The assignment is badly worded and misleading.
Unicode defines codepoint values that can take up to 20 bits (U+0000 to U+10FFFF). All of the UTF encodings (UTF-8, UTF-16, and UTF-32) support all 20 bits, just in different ways.
UTF-8 and UTF-16 are variable-length encodings. The number of bytes needed to encode a given codepoint depends on the actual codepoint value. UTF-8 uses 1, 2, 3, or 4 8-bit codeunits. UTF-16 uses either 1 or 2 16-bit codeunits.
UTF-32 is a fixed-length encoding. It always uses 1 32-bit codeunit, since most systems do not have a 20-bit data type.
Implementing UTF conversions is very easy (they are designed to be interchangable), but you first need to know which encoding the source file is actually using. If the file starts with a UTF-16 BOM , that is very easy to detect. However, if no BOM is present, then you need to either ask the user for the encoding, or else use heuristic analysis of the data to try to detect the encoding dynamically.
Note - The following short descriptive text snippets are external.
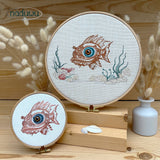 Stickdatei Fischkopp Set ab 10x9, Fisch Scribble mit Unterwasserwelt und ohne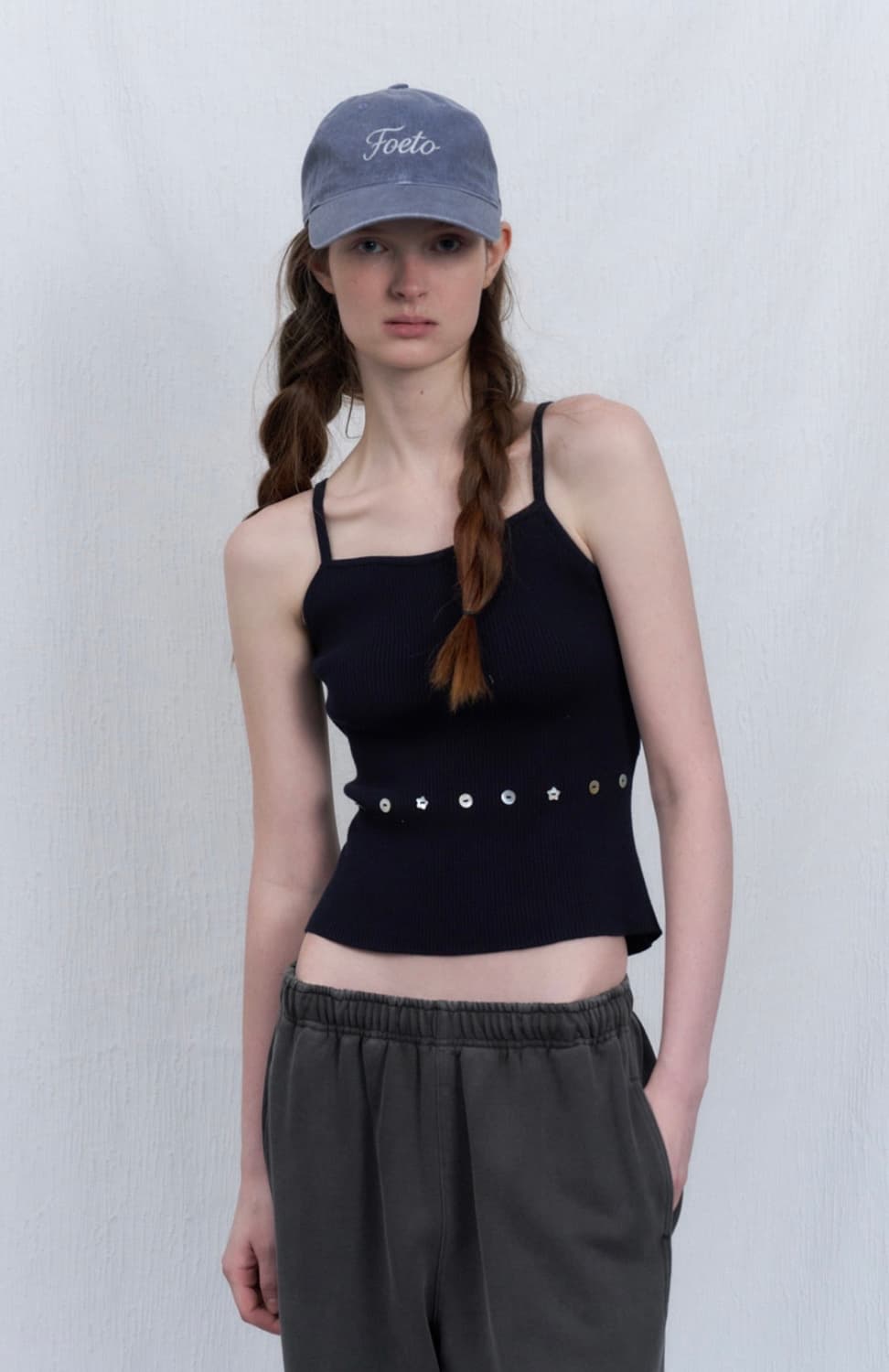 (새상품) 포에토 foeto celestial back slit knit 상품이미지1
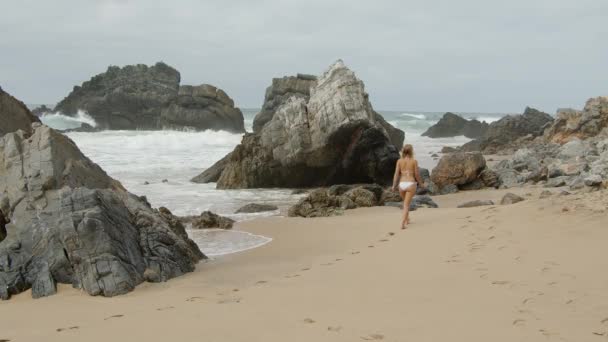 Bella Spiaggia Adraga Sulla Costa Dell Oceano Atlantico Portogallo Riprese — Video Stock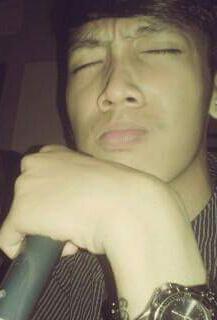NunRoad's tweet photo. Ngantuk wkwk http://t.co/wJXM8wbKNH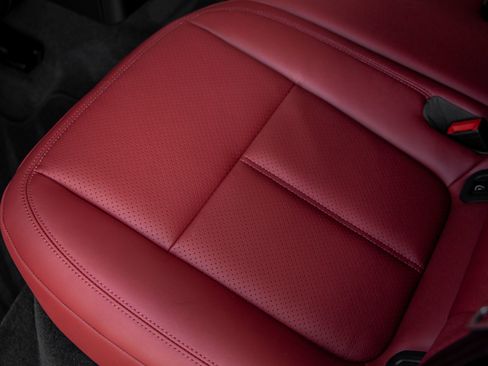 Certified 2026 Porsche Macan S AWD/4WD image 34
Once you know the encoding, the rest is straight forward:
If UTF-16, read the file in 16-bit chunks (1 codeunit at a time), combining adjacent UTF-16 surrogate codeunits as needed (very easy to detect). For each completed sequence, extract the encoded 16/20 bits and output them in a single UTF-32 codeunit.
If UTF-32, read the file in 32-bit chunks (1 codeunit at a time), extract the 20 bits, and out them as either 1 or 2 UTF-16 codeunits as needed.
The most difficult part of the assignment is determining the encoding of the source file.